L’imprenditore del Messinese denuncia i taglieggiamenti, in due vengono arrestati dai carabinieri per estorsione aggravata dal metodo mafioso. Hanno 48 e 80 anni, sono entrambi residenti in provincia di Catania. Il più anziano aveva già una condanna per associazione mafiosa. Il provvedimento di custodia cautelare in carcere è stato disposto dal gip del tribunale di Messina su richiesta della procura.
L’indagine è stata avviata alla fine dello scorso anno, dopo la presentazione di una denuncia alla caserma dei carabinieri di Sant’Alessio Siculo, da parte di un imprenditore della fascia jonica della provincia messinese, il quale aveva riferito di essere sotto estorsione. Dal 2019 gli indagati avrebbero dapprima costretto l’imprenditore, che in passato gestiva una catena di supermercati nella provincia etnea, a rifornirsi di carne in un’azienda per la quale i due lavoravano come rappresentanti, in modo da potersi garantire provvigioni sicure.
In un secondo momento, anche dopo la cessazione dell’attività imprenditoriale della vittima, le due persone arrestate (l’ottantenne evocava l’appartenenza al clan mafioso dei Laudani), avrebbero iniziato a pretendere denaro contante, vantando il pagamento di un presunto debito, in realtà non giustificato. I due indagati avrebbero estorto complessivamente circa seimila euro all’imprenditore, oltre a quanto ricevuto come corrispettivo delle singole forniture di carne.
L’operazione è il risultato di un’attività investigativa coordinata dalla Dda della procura di Messina e condotta dai carabinieri dell’aliquota operativa della compagnia di Taormina e delle stazioni di Sant’Alessio Siculo e Roccella Valdemone. Gli accertamenti condotti hanno permesso di riscontrare quanto dichiarato dall’imprenditore e di raccogliere gravi indizi di colpevolezza nei confronti dei due arrestati. I due indagati si sarebbero recati più volte presso l’abitazione della vittima, spesso in prossimità delle festività, per estorcerle somme di denaro, dietro la minaccia di un pericolo dell’incolumità dell’imprenditore e dei familiari o del danneggiamento dei loro beni, come la casa e l’automobile. In alcuni casi, le consegne del denaro erano avvenute anche a Catania e, in una circostanza, la vittima sarebbe stata costretta a recapitare il denaro richiesto presso l’abitazione di uno degli indagati, mentre costui era ristretto agli arresti domiciliari per reati analoghi. Nel corso dell’attività investigativa è emerso un interesse spasmodico degli indagati di riscuotere le somme ingiustamente pretese, anche attraverso diversi appostamenti e messaggi minatori, tanto che gli stessi avrebbero monitorato anche i profili social della moglie della vittima e avrebbero cercato di entrare in contatto con lei, al fine di indurla a convincere il marito a versare le somme richieste.

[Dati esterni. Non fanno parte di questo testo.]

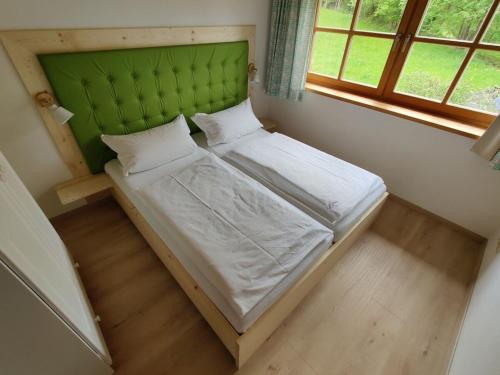 Dormitorio pequeño con cama con cabecero verde en Haringer Comfortable holiday residence, en Schliersee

Nei confronti dell’ottantenne è contestato anche il reato di falsa attestazione sull’identità, in quanto, per portare a termine il suo proposito criminoso, si sarebbe recato presso gli uffici del Comune ove abita l’imprenditore e, fingendosi avvocato, si sarebbe fatto consegnare un certificato di residenza della vittima, in modo da reperire l’esatto numero civico della sua dimora.